It’s been a summer of new experiences for the boys. They spent a week taking care of a sweet Maine coon cat. Wally learned how to make an eager dog drop a tennis ball and how to jump from a boat. Jay learned how to swim and ride a bike and also that learning curves sometimes run into hard objects.
Tuesday afternoon while running I passed a house with a small bike for sale, $5. I finished my run and went back for it. Jay has had limited practice riding a bike- probably ten hours on a balance bike and a few more on one with training wheels. He took to this new bike quickly, though, which is the way he seems to prefer to learn things, at a slight delay, then all at once.
The road by the house we’re renting this summer runs slightly downhill to a wide cul-de-sac. It’s the perfect place to learn to ride a bike, with a downgrade to get you started, a place to turn around at the end, and it’s not so steep coming back that little legs can’t make it. Jay wobbled when he first got on the bike and I ran alongside to break any falls. He peddled down the road, turned around in the cul-de-sac, and peddled back to our house without any help from me. He did it a few more times Tuesday night, then dozens Wednesday and Thursday. I couldn’t believe it. Soon he was cutting smooth arcs across the blacktop.
Last night, Wally and I were down at the bottom of the cul-de-sac and Jay was up above us, by our driveway. He’d been making noise all evening about how fast he could go and he wanted us to watch him make his fastest run yet.

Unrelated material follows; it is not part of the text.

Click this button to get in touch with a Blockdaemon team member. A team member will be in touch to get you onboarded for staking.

He came down the hill toward us. We were kind of in the center of the cul-de-sac, which forced Jay to take a route a little more to the left than he had been. I could see the problem developing: As he approached the bottom, he wasn’t slowing down enough, and didn’t seem to realize he had less space to make the turn than usual. About two seconds before it happened, Jay’s fate was as clear as day: He started to turn, head down, intent on his peddling, and plowed directly into a mailbox. I thought for sure he’d led with his face and expected to see a lot of blood and missing teeth. Thankfully, thankfully, he somehow only bruised his arm. He cried for a while, a long while. We left his bike on the ground, completely indicative of the accident that had taken place, and I carried him back to the house for dinner.

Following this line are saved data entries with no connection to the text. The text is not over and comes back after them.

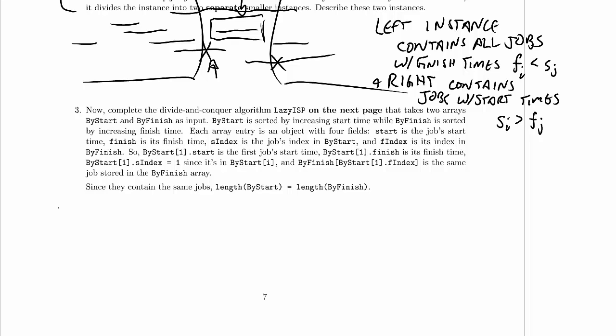Welcome to Computer Science 320, 2014, Winter 2, Midterm 2 Practice Problem screencast. We are on problem 5.3 right here.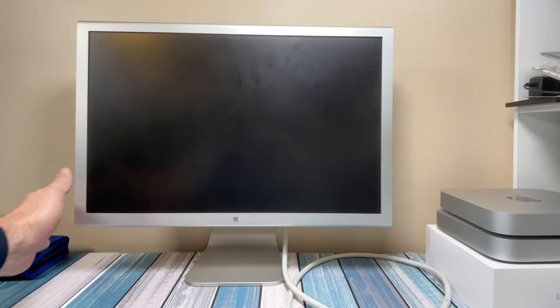Almost 20 years old and still as beautiful as ever. This is the Apple Cinema Display 23 inch.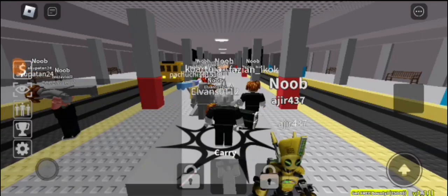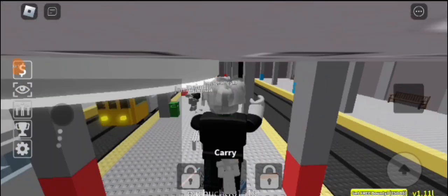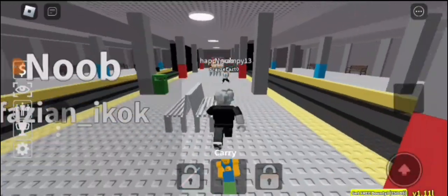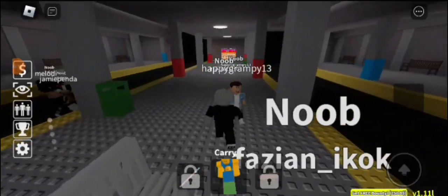Hey guys, welcome back to my channel. Today we're going to play carry people on Roblox.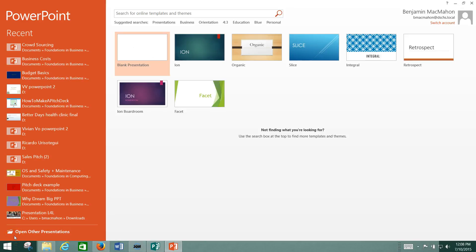All right, welcome to day one of Credit Five PowerPoint. We're going to be going over just how to create a new PowerPoint presentation, save it, and then email it to a teacher.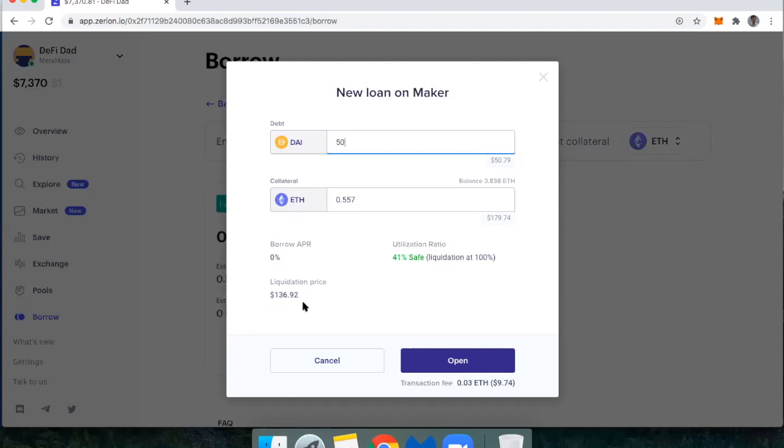So this is how low the price of ETH has to go before my collateral would be liquidated, and I'd be risking a significant loss there. And then in order to open this up, you can see what the fee would be here.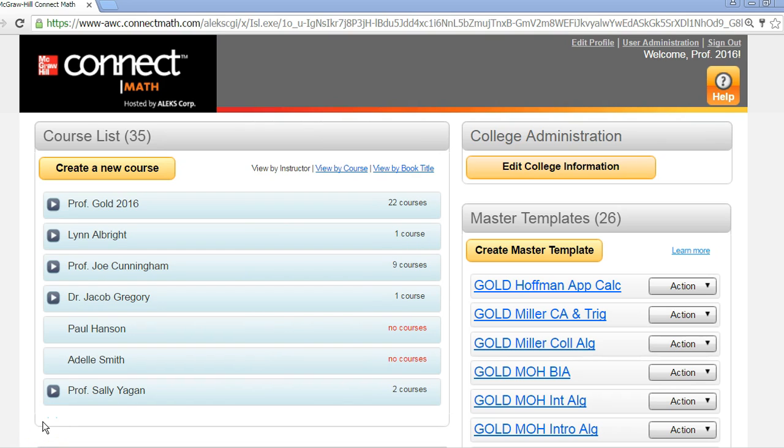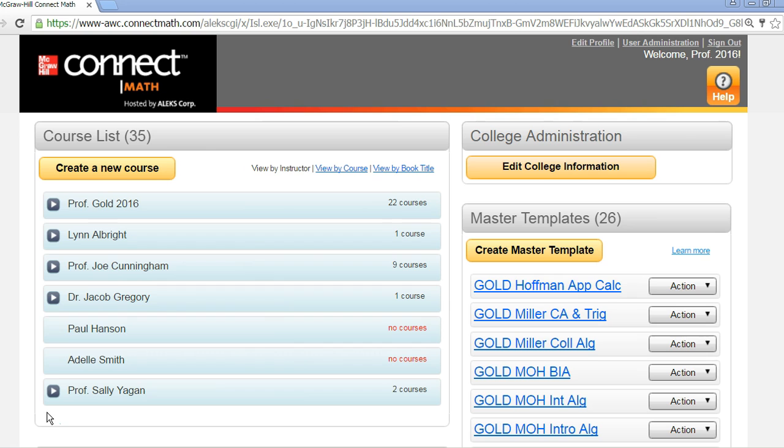Hi, in this video we'll show you how to create and manage instructor accounts in Connect Math hosted by ALEKS. First, make sure that you are an administrator for your school's Connect Math account from your administrator account homepage.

Afterward, when he’d finished his food and been convinced that the bruise on his arm wasn’t much to worry about, I asked him if he wanted to go back outside for a few more runs. I didn’t want him to go to sleep with nothing but the memory of the crash to dwell on. He said no initially, then yes. We walked outside and he strapped on his helmet. He walked the bike down the driveway to the road, mounted the seat, then turned downhill. He went slowly at first, peddling easily, riding the break. At the bottom he made a real wide, long turn, then peddled up to me. Good boy, I thought, now you really know something about riding a bike.